─── Data section ───
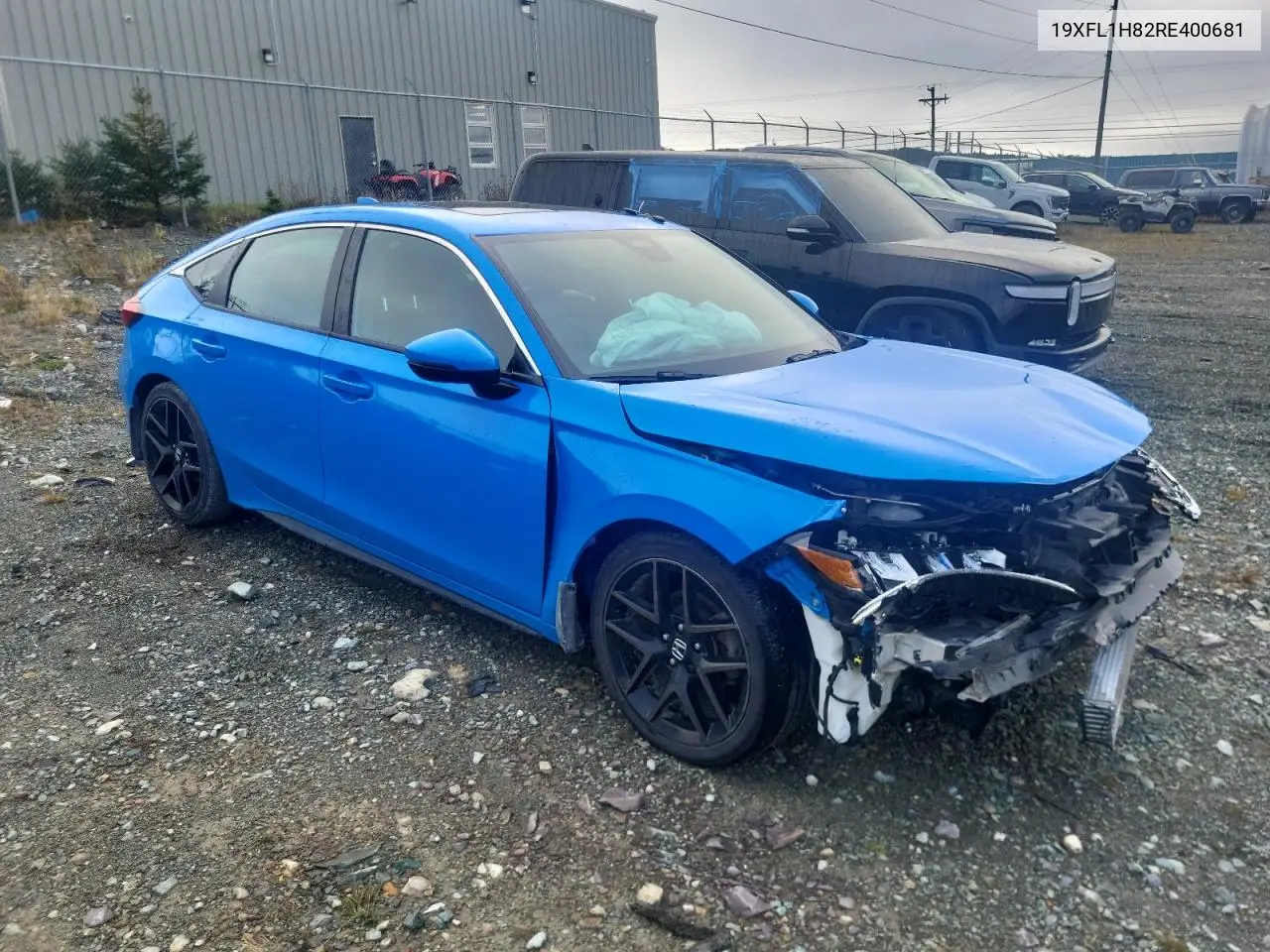 19XFL1H82RE400681 2024 Honda Civic Sport Touring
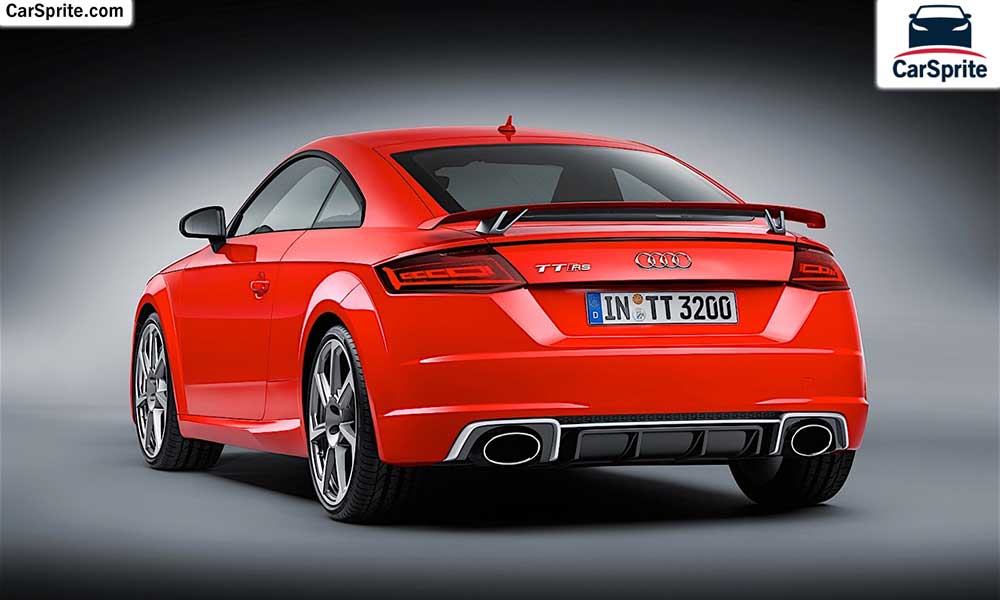Audi TT 2018 prices and specifications in Bahrain | Car Sprite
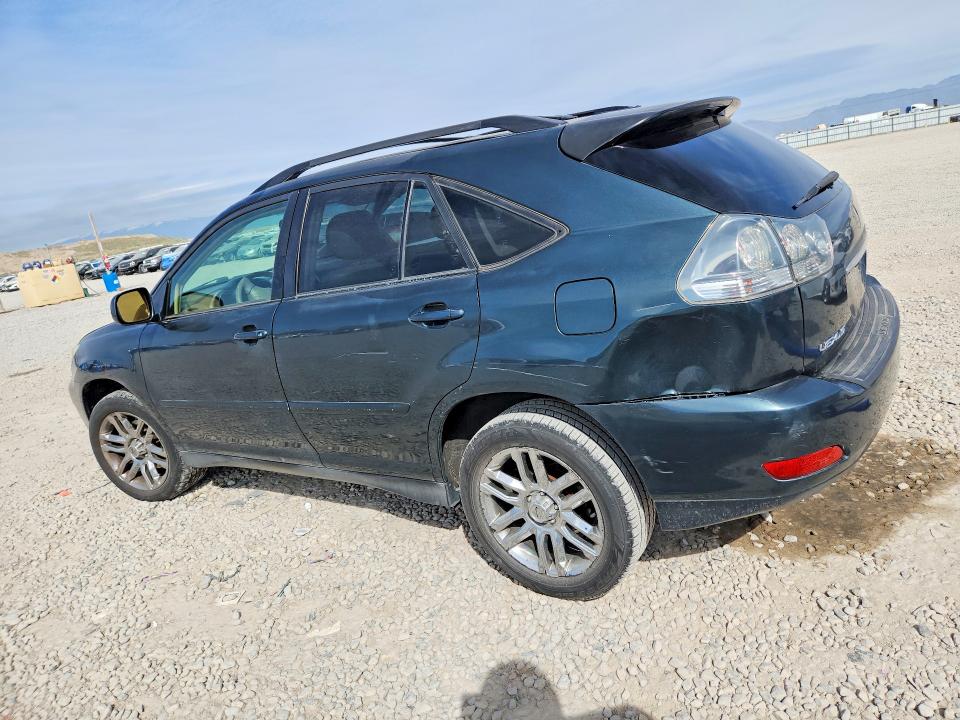 2004 Lexus Rx 330 მანქანა იყიდება აუქციონზე, vin: JTJHA31U240004301, აუქციონის ნომერი: 47206516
───
* Assignment: Each line above is to be transcribed exactly, though its pictures are not.

* Output of the task:
 19XFL1H82RE400681 2024 Honda Civic Sport Touring
Audi TT 2018 prices and specifications in Bahrain | Car Sprite
 2004 Lexus Rx 330 მანქანა იყიდება აუქციონზე, vin: JTJHA31U240004301, აუქციონის ნომერი: 47206516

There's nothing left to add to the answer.